Problem details: After locating the line that contains "WRAP-FRONT MIDI DRESS" in the data below, set down exactly that line and each one after it through the line that contains "PREVENTA Conjunto camiseta", and nothing more.

** Extracted records follows **

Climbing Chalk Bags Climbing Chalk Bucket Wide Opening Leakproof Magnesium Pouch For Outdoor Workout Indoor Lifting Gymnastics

** End of Extracted records **
** Extracted records follows **

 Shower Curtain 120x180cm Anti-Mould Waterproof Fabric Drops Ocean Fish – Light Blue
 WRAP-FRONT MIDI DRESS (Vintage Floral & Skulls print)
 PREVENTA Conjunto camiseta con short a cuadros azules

** End of Extracted records **

Problem solution:
 WRAP-FRONT MIDI DRESS (Vintage Floral & Skulls print)
 PREVENTA Conjunto camiseta con short a cuadros azules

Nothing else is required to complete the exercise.